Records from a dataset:

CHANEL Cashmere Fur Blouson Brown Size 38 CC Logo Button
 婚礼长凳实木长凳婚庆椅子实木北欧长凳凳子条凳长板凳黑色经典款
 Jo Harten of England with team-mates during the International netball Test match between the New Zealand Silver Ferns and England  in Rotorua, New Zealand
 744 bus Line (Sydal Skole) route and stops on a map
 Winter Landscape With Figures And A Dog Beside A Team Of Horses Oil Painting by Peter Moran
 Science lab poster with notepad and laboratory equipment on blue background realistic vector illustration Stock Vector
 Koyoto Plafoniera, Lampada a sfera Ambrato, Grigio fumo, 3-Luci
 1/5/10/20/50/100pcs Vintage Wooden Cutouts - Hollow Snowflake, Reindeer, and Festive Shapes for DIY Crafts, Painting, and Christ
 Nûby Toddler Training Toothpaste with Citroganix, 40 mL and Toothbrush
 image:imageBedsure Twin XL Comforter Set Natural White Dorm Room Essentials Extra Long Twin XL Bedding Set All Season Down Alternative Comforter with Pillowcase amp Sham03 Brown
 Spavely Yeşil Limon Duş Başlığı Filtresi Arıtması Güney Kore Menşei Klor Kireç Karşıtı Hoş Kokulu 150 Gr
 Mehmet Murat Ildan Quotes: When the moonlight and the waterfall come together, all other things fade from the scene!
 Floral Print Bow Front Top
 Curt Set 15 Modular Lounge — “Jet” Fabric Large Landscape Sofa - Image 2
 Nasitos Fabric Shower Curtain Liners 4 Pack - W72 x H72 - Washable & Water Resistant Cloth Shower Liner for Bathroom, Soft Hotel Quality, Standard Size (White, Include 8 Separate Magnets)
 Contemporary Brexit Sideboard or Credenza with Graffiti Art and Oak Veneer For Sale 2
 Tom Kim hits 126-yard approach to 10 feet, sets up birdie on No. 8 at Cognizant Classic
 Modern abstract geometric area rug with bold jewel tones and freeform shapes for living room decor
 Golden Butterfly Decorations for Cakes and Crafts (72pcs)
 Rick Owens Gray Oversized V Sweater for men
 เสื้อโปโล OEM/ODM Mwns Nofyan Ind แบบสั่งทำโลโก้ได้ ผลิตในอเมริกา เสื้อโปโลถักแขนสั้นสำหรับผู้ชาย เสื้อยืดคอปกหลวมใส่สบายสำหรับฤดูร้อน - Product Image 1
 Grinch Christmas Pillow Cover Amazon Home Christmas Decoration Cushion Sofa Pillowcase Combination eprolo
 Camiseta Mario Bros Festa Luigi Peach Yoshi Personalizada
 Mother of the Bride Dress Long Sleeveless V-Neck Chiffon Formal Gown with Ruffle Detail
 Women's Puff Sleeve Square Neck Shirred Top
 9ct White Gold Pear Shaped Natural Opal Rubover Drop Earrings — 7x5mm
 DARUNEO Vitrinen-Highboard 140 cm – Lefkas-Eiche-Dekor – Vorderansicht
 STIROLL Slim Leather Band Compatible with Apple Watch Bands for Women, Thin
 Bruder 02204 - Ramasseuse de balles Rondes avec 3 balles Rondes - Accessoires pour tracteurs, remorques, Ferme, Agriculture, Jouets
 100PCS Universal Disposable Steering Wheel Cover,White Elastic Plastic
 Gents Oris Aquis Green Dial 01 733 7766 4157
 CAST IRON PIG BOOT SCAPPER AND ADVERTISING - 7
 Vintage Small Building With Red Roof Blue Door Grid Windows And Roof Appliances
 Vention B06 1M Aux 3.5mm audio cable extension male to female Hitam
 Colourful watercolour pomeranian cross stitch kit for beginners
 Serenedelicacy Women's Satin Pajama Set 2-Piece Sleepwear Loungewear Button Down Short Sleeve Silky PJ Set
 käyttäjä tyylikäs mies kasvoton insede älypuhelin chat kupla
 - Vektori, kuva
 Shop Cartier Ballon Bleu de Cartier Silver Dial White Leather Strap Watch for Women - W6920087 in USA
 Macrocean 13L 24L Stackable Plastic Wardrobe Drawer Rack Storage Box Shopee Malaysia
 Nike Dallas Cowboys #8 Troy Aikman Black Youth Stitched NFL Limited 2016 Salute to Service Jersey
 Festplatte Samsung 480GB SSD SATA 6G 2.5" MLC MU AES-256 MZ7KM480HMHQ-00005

## What is expected
Transcribe every entry word for word.

## Result of the exercise
CHANEL Cashmere Fur Blouson Brown Size 38 CC Logo Button
 婚礼长凳实木长凳婚庆椅子实木北欧长凳凳子条凳长板凳黑色经典款
 Jo Harten of England with team-mates during the International netball Test match between the New Zealand Silver Ferns and England  in Rotorua, New Zealand
 744 bus Line (Sydal Skole) route and stops on a map
 Winter Landscape With Figures And A Dog Beside A Team Of Horses Oil Painting by Peter Moran
 Science lab poster with notepad and laboratory equipment on blue background realistic vector illustration Stock Vector
 Koyoto Plafoniera, Lampada a sfera Ambrato, Grigio fumo, 3-Luci
 1/5/10/20/50/100pcs Vintage Wooden Cutouts - Hollow Snowflake, Reindeer, and Festive Shapes for DIY Crafts, Painting, and Christ
 Nûby Toddler Training Toothpaste with Citroganix, 40 mL and Toothbrush
 image:imageBedsure Twin XL Comforter Set Natural White Dorm Room Essentials Extra Long Twin XL Bedding Set All Season Down Alternative Comforter with Pillowcase amp Sham03 Brown
 Spavely Yeşil Limon Duş Başlığı Filtresi Arıtması Güney Kore Menşei Klor Kireç Karşıtı Hoş Kokulu 150 Gr
 Mehmet Murat Ildan Quotes: When the moonlight and the waterfall come together, all other things fade from the scene!
 Floral Print Bow Front Top
 Curt Set 15 Modular Lounge — “Jet” Fabric Large Landscape Sofa - Image 2
 Nasitos Fabric Shower Curtain Liners 4 Pack - W72 x H72 - Washable & Water Resistant Cloth Shower Liner for Bathroom, Soft Hotel Quality, Standard Size (White, Include 8 Separate Magnets)
 Contemporary Brexit Sideboard or Credenza with Graffiti Art and Oak Veneer For Sale 2
 Tom Kim hits 126-yard approach to 10 feet, sets up birdie on No. 8 at Cognizant Classic
 Modern abstract geometric area rug with bold jewel tones and freeform shapes for living room decor
 Golden Butterfly Decorations for Cakes and Crafts (72pcs)
 Rick Owens Gray Oversized V Sweater for men
 เสื้อโปโล OEM/ODM Mwns Nofyan Ind แบบสั่งทำโลโก้ได้ ผลิตในอเมริกา เสื้อโปโลถักแขนสั้นสำหรับผู้ชาย เสื้อยืดคอปกหลวมใส่สบายสำหรับฤดูร้อน - Product Image 1
 Grinch Christmas Pillow Cover Amazon Home Christmas Decoration Cushion Sofa Pillowcase Combination eprolo
 Camiseta Mario Bros Festa Luigi Peach Yoshi Personalizada
 Mother of the Bride Dress Long Sleeveless V-Neck Chiffon Formal Gown with Ruffle Detail
 Women's Puff Sleeve Square Neck Shirred Top
 9ct White Gold Pear Shaped Natural Opal Rubover Drop Earrings — 7x5mm
 DARUNEO Vitrinen-Highboard 140 cm – Lefkas-Eiche-Dekor – Vorderansicht
 STIROLL Slim Leather Band Compatible with Apple Watch Bands for Women, Thin
 Bruder 02204 - Ramasseuse de balles Rondes avec 3 balles Rondes - Accessoires pour tracteurs, remorques, Ferme, Agriculture, Jouets
 100PCS Universal Disposable Steering Wheel Cover,White Elastic Plastic
 Gents Oris Aquis Green Dial 01 733 7766 4157
 CAST IRON PIG BOOT SCAPPER AND ADVERTISING - 7
 Vintage Small Building With Red Roof Blue Door Grid Windows And Roof Appliances
 Vention B06 1M Aux 3.5mm audio cable extension male to female Hitam
 Colourful watercolour pomeranian cross stitch kit for beginners
 Serenedelicacy Women's Satin Pajama Set 2-Piece Sleepwear Loungewear Button Down Short Sleeve Silky PJ Set
 käyttäjä tyylikäs mies kasvoton insede älypuhelin chat kupla
 - Vektori, kuva
 Shop Cartier Ballon Bleu de Cartier Silver Dial White Leather Strap Watch for Women - W6920087 in USA
 Macrocean 13L 24L Stackable Plastic Wardrobe Drawer Rack Storage Box Shopee Malaysia
 Nike Dallas Cowboys #8 Troy Aikman Black Youth Stitched NFL Limited 2016 Salute to Service Jersey
 Festplatte Samsung 480GB SSD SATA 6G 2.5" MLC MU AES-256 MZ7KM480HMHQ-00005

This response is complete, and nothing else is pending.